Since the United States has separated church and state there are a few things I find troubling from legal aspect to marriage.  Take away religion and marriage seems to me more of a business deal; investing your time, energy, and money into this deal to make your life better.  There is nothing in law stating that you have to be married to have kids or have to be married to live with someone you care about.  These are just traditions that we have kept since the church was in control.  Now we don’t even need to say “Under God” in our pledge of allegiance because it may offend someone.

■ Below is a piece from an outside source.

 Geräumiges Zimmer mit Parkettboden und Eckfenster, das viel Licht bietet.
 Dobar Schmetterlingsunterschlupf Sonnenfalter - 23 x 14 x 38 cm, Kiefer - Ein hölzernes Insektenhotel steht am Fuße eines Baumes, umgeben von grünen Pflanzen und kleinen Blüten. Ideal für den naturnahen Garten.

So why is it, two individuals of the same sex cannot enter into this deal?  Not to say that the rest of society has to accept them as a married couple or view them in the same way as a man and woman who are married.  But why can those two individuals get the same financial breaks as a man and woman who opt to get married.  Many men and woman in this country get married for only financial gains.  Sex, partnership, kinship and pro creation have nothing to do with the act for many married couples. This is indeed sad but it does happen.

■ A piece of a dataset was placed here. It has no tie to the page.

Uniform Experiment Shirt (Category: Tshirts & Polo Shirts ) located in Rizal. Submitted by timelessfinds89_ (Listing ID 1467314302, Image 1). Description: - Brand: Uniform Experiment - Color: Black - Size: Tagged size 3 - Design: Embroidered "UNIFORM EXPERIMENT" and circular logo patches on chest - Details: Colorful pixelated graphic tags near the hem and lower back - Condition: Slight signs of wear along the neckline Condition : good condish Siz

Secondly another aspect of marriage that I think would deter many people from getting married legally is if there was an enforced prenuptial agreement that couples could opt out of.  Most people do not go into marriage thinking that it is going to be over in less than 5 years, but more and more this is happening.  If two members go into a marriage with sensible heads and are really committed to making the marriage work this should not be a problem.  Let’s say by law if two members get divorced within ten years of getting married the prenuptial agreement comes into effect.  After 5 years of being married a partial amount of the agreement comes into effect.  If the marriage is so bad after only being married for two years then going back to your old lifestyle should not be a problem for you.  Things acquired while being married are joint property but prior to entering into the legally binding contract you should have some degree of protection.  At any time both members can create wills to make sure in unlikely event of their death all of their assets go to their significant other.  For the individuals who don’t want this, they can choose to opt out of it prior to the marriage.

Since the Government has got involved with that matter of our life, only for the legal aspects we should in turn protect ourselves.  This has nothing to do with religious,  or social etiquette of the matter, just the legal aspect for everyone’s personal protection.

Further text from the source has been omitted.